Following along with the president’s State of the Union speech Tuesday night online, I saw interesting tweets from several Twitter accounts to this effect: “Apparently, the only person not commenting on the State of the Union speech is the president who’s giving it.”

Inasmuch as I was scrutinizing the speech for ideas for an editorial to appear in the Daily Herald the next morning, these mildly cynical tweets had me loosening my collar just a little uneasily. But they also impressed on me an important observation about the nature of politics and public media: People like to talk. They like to share their ideas.

About how committed to listening they are, one may sometimes wonder. But they do like to talk. And more than that, they like to engage — both to share their own ideas with like-minded friends and to grapple intellectually with fellow talkers of a different mind.

Tapping into that pleasure is an important goal of a new approach to online commenting that we implemented at dailyherald.com a little over a week ago. If you pay much attention to online commenting, you’ve noticed something that the operators of nearly every news or information website that offers it has found. Hiding behind anonymity, people can be much more snide and cruel with their words than they might be otherwise. That tone can lead to a variety of problems of taste, but even more disappointingly turns away a large number of people who might like to join a conversation but aren’t interested in participating in a festival of insults.

Not that all commenting devolved into such behavior, but much of it did. The result was a forum that we just weren’t happy with. On our editorial page, we are constantly calling for more civility in public discourse, yet we were hosting this conversation where civility was in too-short supply.

So we initiated the system now in place that is hosted through Facebook. Commenting on a particular story is just as easy as before, but commenters have to identify themselves. Already we’ve seen a marked improvement in the decency and maturity with which people are agreeing and disagreeing with each other.

Better still, the new system lets our editors and reporters join the conversation in important new ways. Previously, we discouraged our own staff from entering the fray of online comments. We felt the intrusion could disrupt the flow of the public conversation or put a reporter or editor in the position of explaining a piece of work to a crowd of faceless antagonists rather than helping everyone dig more deeply into the facts and ideas of a story or commentary.

Now, though, the opposite is occurring. We are encouraging reporters, as they have the time and inclination, to jump into the conversations their stories start — and sometimes to lead them. It can be tricky for them, because we expect them to report facts without taking sides and to keep their opinions about the characters or events they cover to themselves. But they, and commenters, can also benefit from the process. Commenters can get greater insight into the origins of a story or the goals of a specific report, and our writers and editors can get new, deeper ideas for how to develop and explore their stories.

We hope to see — and to some extent are already finding — more lively, thought-provoking conversations emerge.

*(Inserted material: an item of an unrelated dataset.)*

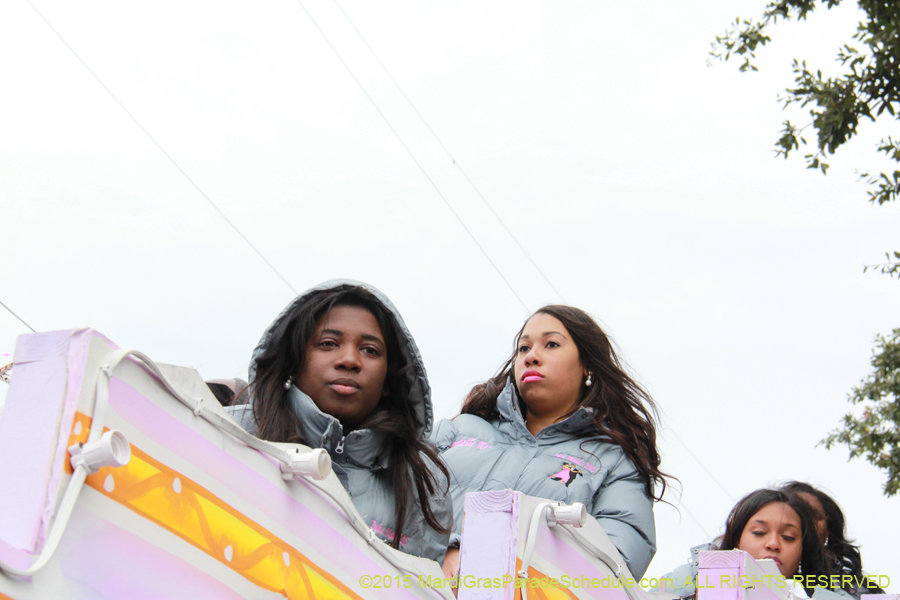 Zulu-Social-Aid-Pleasure-2015-19647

Of course, we want you to take part, too, and as part of the process, Deputy Managing Editor for Digital Operations Teresa Schmedding and I will host occasional online discussions about stories or commentary we think worthy of deeper debate. Look for it under the “Discuss” menu item at dailyherald.com

The process hasn’t changed any of the other ways in which we seek to engage you in the newspaper or invite your participation in the life of your community. I still wrote our editorial, with input from the rest of the editorial board, for our print and online editions. Our Fence Post columns continue to publish letters on the topics readers care about. We still welcome handwritten mail in paper envelopes, if that’s a person’s preferred means of communication.

But now we have one more means of engagement that we’re pleased to find still promotes people’s urge to talk. And this one, we hope, may also encourage a bit more listening as well.